Most rigid chimney liner sections are made of nonmagnetic, series 304 or series 316 stainless steel. Unlike the flexible stainless steel liner, rigid pipe comes in sections and is usually round in shape and one to four feet long and five to ten inches or more in diameter. The most common wall thickness is 24-guage (0.024 in.) or 22-guage (0.029 in.) stainless steel.
The seam running down the length of each liner sections is factory sealed. Individual liner sections are joined together with the crimped, male end facing down. Stainless steel pop rivets and stainless steel screws secure the joints.
Pop rivets are recommended by most manufacturers since screws may work themselves loose from the expansion and contraction of the liner. Usually rigid relining jobs are supported at the bottom of the chimney or at the thimble area.
Stainless steel tee sections are used at the thimble and clean out areas. Rigid stainless steel liners can expand several inches during heating. To accommodate for this expansion the liner moves up and down in a sleeve at the top of the chimney.
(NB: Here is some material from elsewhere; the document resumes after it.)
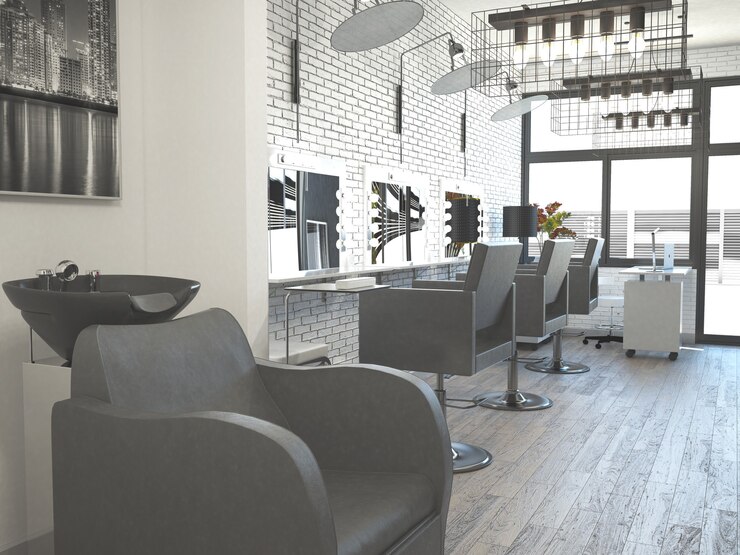 Salon fryzjerski fryzjerski wnętrze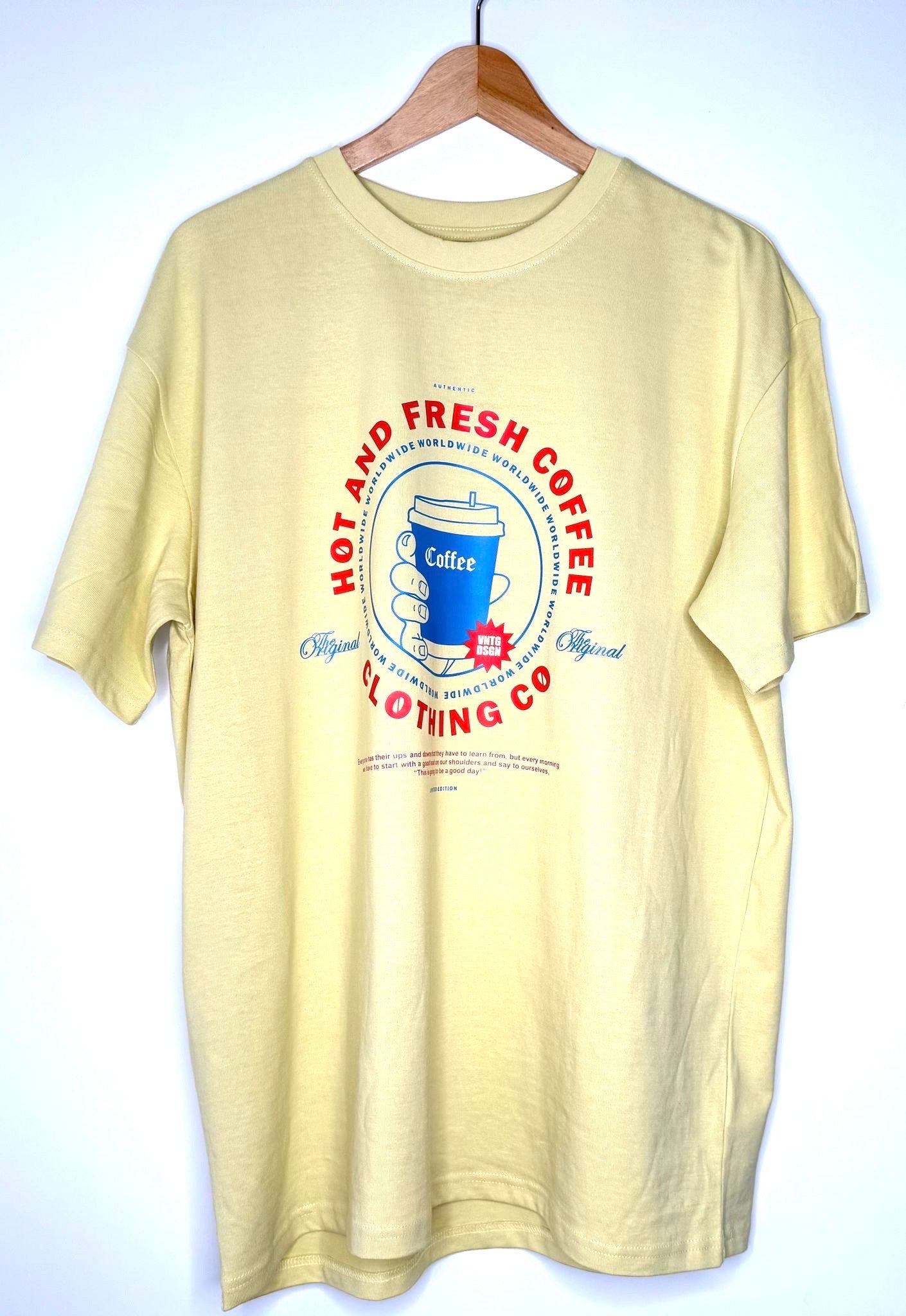 T-Shirt hot and fresh Coffee Oversize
A storm collar over the rigid pipe prevents moisture from entering the chimney along the outside of the liner. The area around the rigid liner at the top of the chimney, the area in between the rigid liner and the flue, is sealed with a stainless steel top plate. This top plate serves 2 purposes. first it seals of the flue area and prevents water or any other foreign substance to enter in the chimney. Second, the top plate combined with a support clamp maintain the liner position in the chimney
The use of rain caps are recommended for use on chimneys with stainless steel liners. It can be very important to have the most efficient venting possible.
A smooth walled rigid liner offers the most efficient venting due to the decreased turbulence. You can shape it to take full advantage of every cubic inch and offer maximum draft. It can be shaped into rectangular, square or oval.